Exercise data –
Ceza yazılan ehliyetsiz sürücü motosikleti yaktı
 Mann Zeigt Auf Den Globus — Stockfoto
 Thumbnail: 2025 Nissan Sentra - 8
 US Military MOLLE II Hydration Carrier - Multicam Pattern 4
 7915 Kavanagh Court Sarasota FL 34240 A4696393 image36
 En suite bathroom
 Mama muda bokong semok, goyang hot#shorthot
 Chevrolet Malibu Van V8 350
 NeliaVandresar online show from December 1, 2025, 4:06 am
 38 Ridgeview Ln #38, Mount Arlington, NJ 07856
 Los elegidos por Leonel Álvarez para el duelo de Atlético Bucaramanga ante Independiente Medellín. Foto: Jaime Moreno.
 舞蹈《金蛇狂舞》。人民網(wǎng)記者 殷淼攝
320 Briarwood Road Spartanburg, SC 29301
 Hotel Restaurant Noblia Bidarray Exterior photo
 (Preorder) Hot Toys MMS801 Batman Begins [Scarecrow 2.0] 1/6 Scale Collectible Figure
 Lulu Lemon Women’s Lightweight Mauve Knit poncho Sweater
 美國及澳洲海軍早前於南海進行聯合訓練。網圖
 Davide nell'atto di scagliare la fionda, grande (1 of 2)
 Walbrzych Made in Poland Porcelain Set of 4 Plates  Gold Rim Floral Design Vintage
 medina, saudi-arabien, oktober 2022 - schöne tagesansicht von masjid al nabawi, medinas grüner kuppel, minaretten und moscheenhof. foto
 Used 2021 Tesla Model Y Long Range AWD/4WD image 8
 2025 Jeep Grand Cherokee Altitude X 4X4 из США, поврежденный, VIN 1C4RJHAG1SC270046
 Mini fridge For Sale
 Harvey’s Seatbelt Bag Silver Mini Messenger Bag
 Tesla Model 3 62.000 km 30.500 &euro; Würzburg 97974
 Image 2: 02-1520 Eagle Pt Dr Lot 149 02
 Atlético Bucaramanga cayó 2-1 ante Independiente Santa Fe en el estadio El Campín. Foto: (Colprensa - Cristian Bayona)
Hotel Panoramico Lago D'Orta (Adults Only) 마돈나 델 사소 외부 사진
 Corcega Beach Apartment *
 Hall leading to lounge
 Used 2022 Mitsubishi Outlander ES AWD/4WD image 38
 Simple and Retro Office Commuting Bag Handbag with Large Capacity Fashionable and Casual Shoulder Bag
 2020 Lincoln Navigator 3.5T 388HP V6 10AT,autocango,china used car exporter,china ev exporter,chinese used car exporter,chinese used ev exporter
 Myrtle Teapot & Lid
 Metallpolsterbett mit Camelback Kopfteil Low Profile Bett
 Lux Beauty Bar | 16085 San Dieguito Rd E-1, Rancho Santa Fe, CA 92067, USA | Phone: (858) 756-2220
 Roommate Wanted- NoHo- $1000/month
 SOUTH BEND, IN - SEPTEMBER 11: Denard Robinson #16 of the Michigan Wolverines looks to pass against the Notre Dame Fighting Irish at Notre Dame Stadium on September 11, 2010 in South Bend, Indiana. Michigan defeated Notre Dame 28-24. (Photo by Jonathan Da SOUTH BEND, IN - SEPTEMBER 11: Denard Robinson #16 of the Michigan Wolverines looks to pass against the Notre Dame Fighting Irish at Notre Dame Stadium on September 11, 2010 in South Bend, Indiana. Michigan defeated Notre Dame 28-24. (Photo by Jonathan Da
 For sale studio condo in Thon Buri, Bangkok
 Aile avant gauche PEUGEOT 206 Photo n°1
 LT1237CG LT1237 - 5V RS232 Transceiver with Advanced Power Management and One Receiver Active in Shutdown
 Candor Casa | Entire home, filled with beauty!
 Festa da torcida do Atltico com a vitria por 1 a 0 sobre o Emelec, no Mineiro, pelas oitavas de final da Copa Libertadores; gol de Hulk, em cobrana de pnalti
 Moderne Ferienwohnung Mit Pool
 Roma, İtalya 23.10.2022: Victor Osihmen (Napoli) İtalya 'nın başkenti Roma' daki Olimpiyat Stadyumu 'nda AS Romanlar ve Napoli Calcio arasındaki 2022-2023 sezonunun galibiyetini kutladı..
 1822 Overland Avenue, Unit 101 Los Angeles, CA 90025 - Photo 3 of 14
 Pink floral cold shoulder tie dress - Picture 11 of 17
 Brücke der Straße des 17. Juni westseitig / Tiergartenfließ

Problem details – The answer must be every line of the records that contains the word "Bucaramanga".

Finished task –
 Los elegidos por Leonel Álvarez para el duelo de Atlético Bucaramanga ante Independiente Medellín. Foto: Jaime Moreno.
 Atlético Bucaramanga cayó 2-1 ante Independiente Santa Fe en el estadio El Campín. Foto: (Colprensa - Cristian Bayona)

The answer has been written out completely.